左の図がローパスフィルタになる、クランプが必要となるのでel4581からのバックポーチ信号を入力してクランプしている。






認識サンプル

実際に足振りを検知した時のグラフをサンプルとして挙げておく

X座標の値がないが主にY座標方向にしか足を振らなかったので省略してある。


確信度が周期的に変化しているのは足がカメラから遠くなったりLEDの照射範囲から外れるためである。
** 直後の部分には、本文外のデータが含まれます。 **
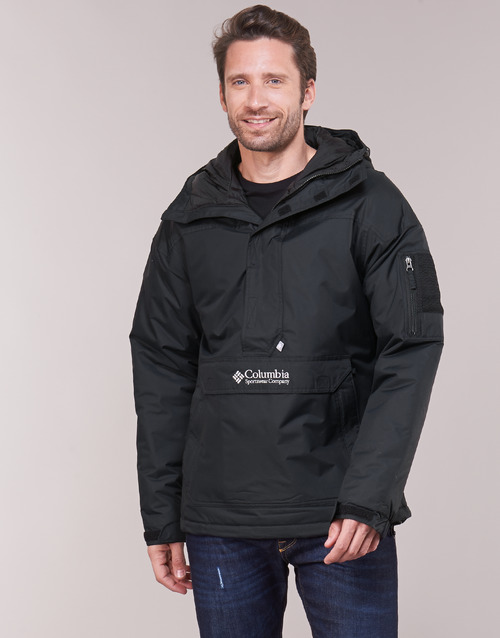 CHALLENGER PULLOVER Black - Free delivery | NET ! - Clothing Blouses Men USD/$140.80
このように非常に良く画像認識できていることがわかる。


今後の展開

LEDをカメラのすぐ近くにあるものと、少し離れた所にあるものを交互に点滅させて各画像の差分を取るとカメラのすぐ近くにLEDがあるときのみ再帰性反射材の効果が現れるので、周りが明るいところでも画像認識可能ということを企画委員の人に教えてもらったので、明るい所でも使える再帰性反射材認識装置を作るのも面白いかもしれない。また、動物の瞳が再帰性反射材であることを利用したアイとレッカーなども面白いかもしれない。


終わりに


以上が悪魔研がVRanko製作において作成した電気回路の概要である。

今回は当初心配していたよりもはるかに良い認識ができてよかった。

画像認識を提案してくださった中上氏には感謝いたします。

また、再帰性反射材について様々なことをお教えいただいた上、性能のよい再帰性反射材を下さった企画委員の方に感謝いたします。